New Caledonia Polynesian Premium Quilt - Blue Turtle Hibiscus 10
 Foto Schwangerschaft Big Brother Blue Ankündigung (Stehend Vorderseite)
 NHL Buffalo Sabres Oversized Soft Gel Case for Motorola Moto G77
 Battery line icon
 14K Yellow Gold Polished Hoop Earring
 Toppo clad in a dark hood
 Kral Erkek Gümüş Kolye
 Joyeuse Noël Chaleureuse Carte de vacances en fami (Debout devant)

☆ ☆ ☆ ☆ ☆

What to do → Pull out every line of the records that includes the string "Blue".

Exercise output →
New Caledonia Polynesian Premium Quilt - Blue Turtle Hibiscus 10
 Foto Schwangerschaft Big Brother Blue Ankündigung (Stehend Vorderseite)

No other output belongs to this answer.